As I watched the rerun of Jack and Gary I remembered watching grainy black-and-white TV tournaments with my dad--he sitting in his chair, I crawling around on his lap--and I suddenly felt cheated. Cheated out of a life-that-could-have-been with my father. Instead of getting all maudlin and sentimental about it, though, I decided upon a much more rational course of action: I took up golf. At the age of 40.

I started watching golf on TV regularly--in color this time, following Tiger instead of the Bear as my father had done. I started going to the driving range with an old half-set of clubs that I got at a garage sale for $20. Before the summer was over, I had played half a dozen rounds at the OU golf course (a 9-hole par three, at the time; since then it has been upgraded considerably).

Since I was interested in Tiger, and Tiger is interested in Jack, I learned a lot about Jack, too, and watching the tapes of his very early career, when they were on, always reminded me of my father. I began to love the game of golf--perhaps in a way not unlike the way my dad loved it. But my dad was a scratch golfer, while I totally suck.

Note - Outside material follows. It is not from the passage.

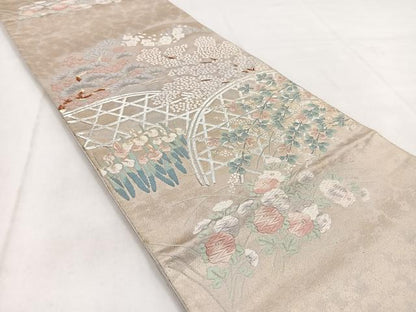 平和屋着物◎六通柄袋帯　唐織　光悦寺　金銀糸　正絹　逸品　BAAW8744yc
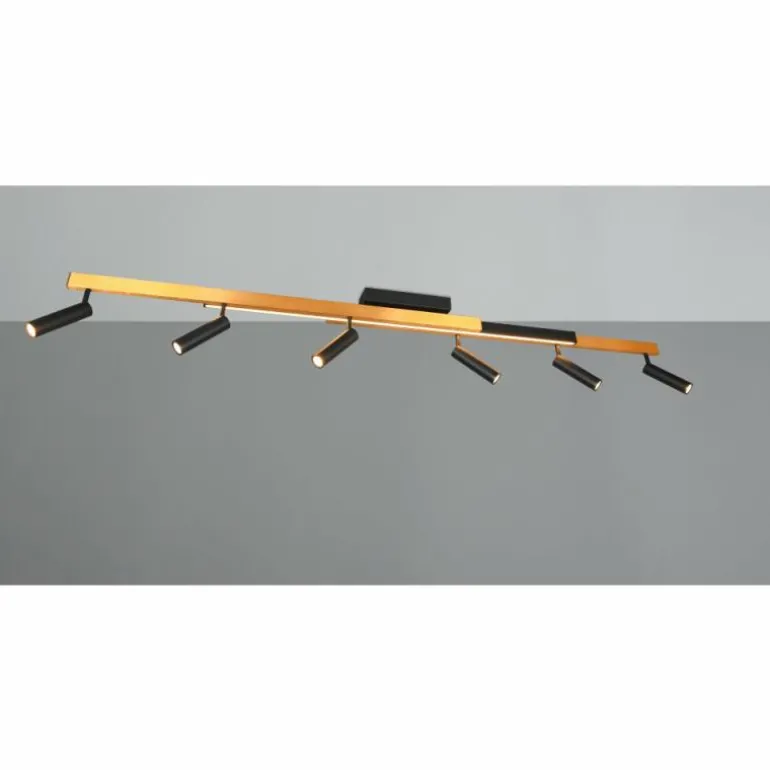 Zeno Plafonnier Luminaires Trio LED Noir doré, 7 lumières, Télécommandes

On the other hand, I'm having a great time. Golf is a lot of fun to play, even when it is frustrating--which for me it usually is--and as I walk the fairways (or, well, in the tall grass or bushes that run alongside of them) I often think of my dad. It's fair to say that we never really knew each other, but I can't help but feel that, when I'm having a good time playing golf, I'm knowing him just a little bit.

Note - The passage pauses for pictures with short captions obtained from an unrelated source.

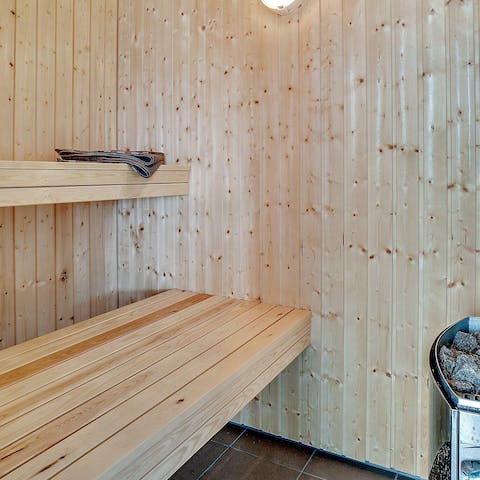 Sweat the stress away in this luxurious sauna 
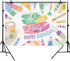 Happy Birthday Backdrop Painting, Let's Put The Art in Party Background for Photography, 7x5ft Decoration Supplies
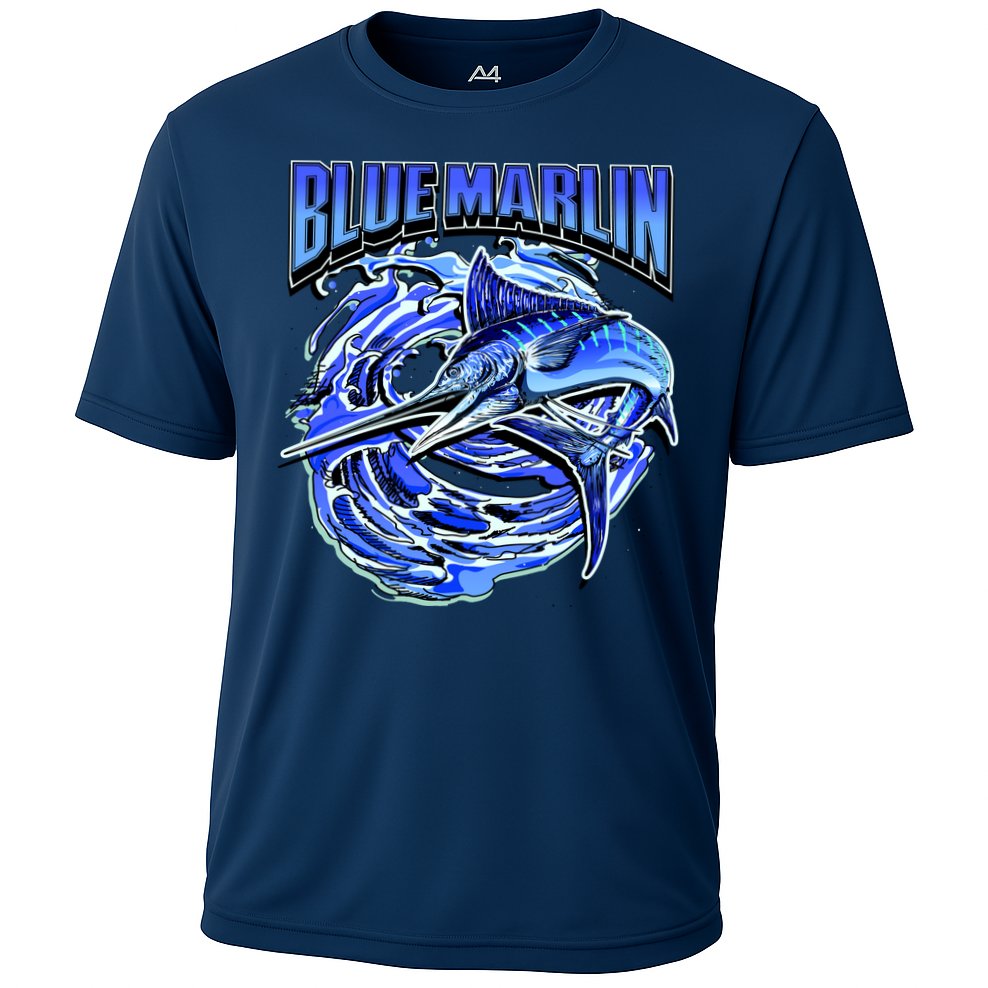 Blue Marlin Action Shot Fishing Cooling Performance Crew T-Shirt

I spent this morning watching Jack Nicklaus play his last-ever round of golf at the British Open. It was a stirring performance--he only just barely missed the cut--and while I can't say as how I approve of sentimentality, I'm kind of a sentimentalist deep down, and I won't say that I wasn't a little misty eyed as he walked up the fairway on the 18th, to thunderous applause from galleries that were bursting at the seams, and paused on the bridge for photos with Luke Donald, Tom Watson, and the caddies.

Where did that mist come from? Jack will play again. So will I. But I'll never get to play with my dad, and perhaps that's all it is: regret over what could have been. But I also think that, through golf, I have access to at least a small part of that life. And insofar as I love my own family the way my dad loved his, I carry that part forward. My son has only a mild interest in golf, but he is already 11 and I am already 47--it looks like we'll have a much better chance, than my dad and I had, of living a whole life together.

When Michael watches Tiger Woods play his final round at a British Open, I'll be sitting right there next to him.

Hopefully in the Gallery at the 18th.